DATA EXTRACT
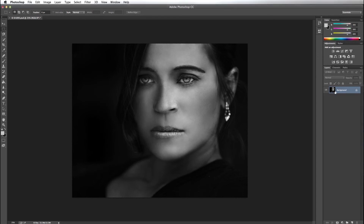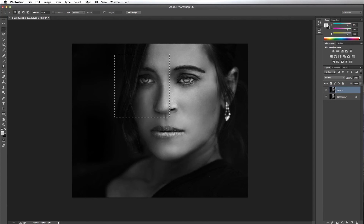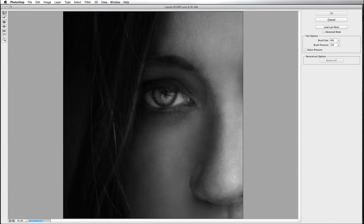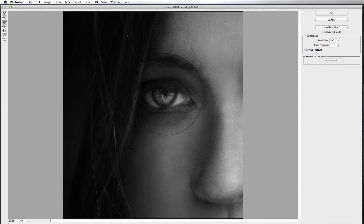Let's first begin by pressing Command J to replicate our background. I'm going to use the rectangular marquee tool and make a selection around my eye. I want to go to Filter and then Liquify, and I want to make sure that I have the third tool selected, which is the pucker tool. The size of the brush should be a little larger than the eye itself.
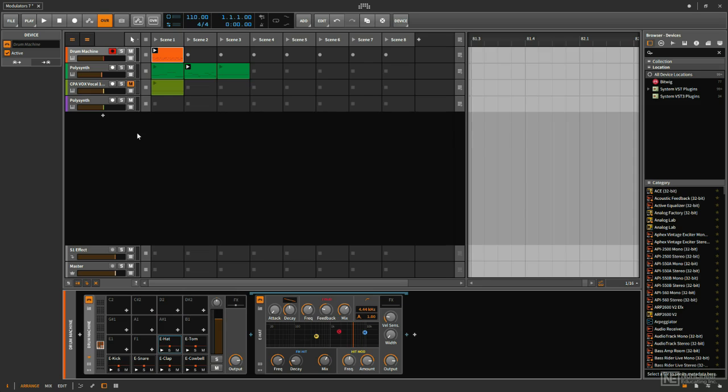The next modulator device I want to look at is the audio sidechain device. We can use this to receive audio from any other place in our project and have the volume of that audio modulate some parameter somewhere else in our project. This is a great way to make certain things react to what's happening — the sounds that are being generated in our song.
---
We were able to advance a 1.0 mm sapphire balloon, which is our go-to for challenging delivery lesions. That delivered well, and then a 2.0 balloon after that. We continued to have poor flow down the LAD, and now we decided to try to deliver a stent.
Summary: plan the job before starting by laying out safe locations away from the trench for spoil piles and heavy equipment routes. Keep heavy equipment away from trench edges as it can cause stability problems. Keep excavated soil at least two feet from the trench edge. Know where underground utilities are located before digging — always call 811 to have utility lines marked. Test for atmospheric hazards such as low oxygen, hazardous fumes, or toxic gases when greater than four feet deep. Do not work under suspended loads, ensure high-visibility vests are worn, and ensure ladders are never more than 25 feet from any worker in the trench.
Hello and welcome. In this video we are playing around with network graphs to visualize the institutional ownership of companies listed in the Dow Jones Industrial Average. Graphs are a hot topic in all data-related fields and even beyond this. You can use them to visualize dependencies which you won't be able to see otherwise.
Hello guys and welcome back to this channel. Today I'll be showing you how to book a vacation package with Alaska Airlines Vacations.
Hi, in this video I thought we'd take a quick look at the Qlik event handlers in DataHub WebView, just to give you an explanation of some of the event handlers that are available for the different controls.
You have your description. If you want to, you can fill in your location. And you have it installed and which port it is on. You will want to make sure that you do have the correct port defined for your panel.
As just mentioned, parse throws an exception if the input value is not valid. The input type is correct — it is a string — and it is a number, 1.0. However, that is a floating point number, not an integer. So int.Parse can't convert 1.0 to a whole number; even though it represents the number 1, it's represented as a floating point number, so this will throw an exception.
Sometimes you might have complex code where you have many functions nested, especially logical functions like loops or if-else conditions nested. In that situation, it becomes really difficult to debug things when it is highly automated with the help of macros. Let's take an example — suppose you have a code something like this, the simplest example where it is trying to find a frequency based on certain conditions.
--
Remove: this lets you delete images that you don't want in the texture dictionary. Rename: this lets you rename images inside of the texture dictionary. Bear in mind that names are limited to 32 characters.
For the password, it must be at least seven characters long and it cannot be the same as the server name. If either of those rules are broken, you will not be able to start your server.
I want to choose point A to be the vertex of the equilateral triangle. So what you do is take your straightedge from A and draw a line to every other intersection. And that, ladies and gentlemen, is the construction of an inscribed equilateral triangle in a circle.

WHAT TO DO
Copy each line of the preceding material that contains "characters".

RESPONSE BELOW
Remove: this lets you delete images that you don't want in the texture dictionary. Rename: this lets you rename images inside of the texture dictionary. Bear in mind that names are limited to 32 characters.
For the password, it must be at least seven characters long and it cannot be the same as the server name. If either of those rules are broken, you will not be able to start your server.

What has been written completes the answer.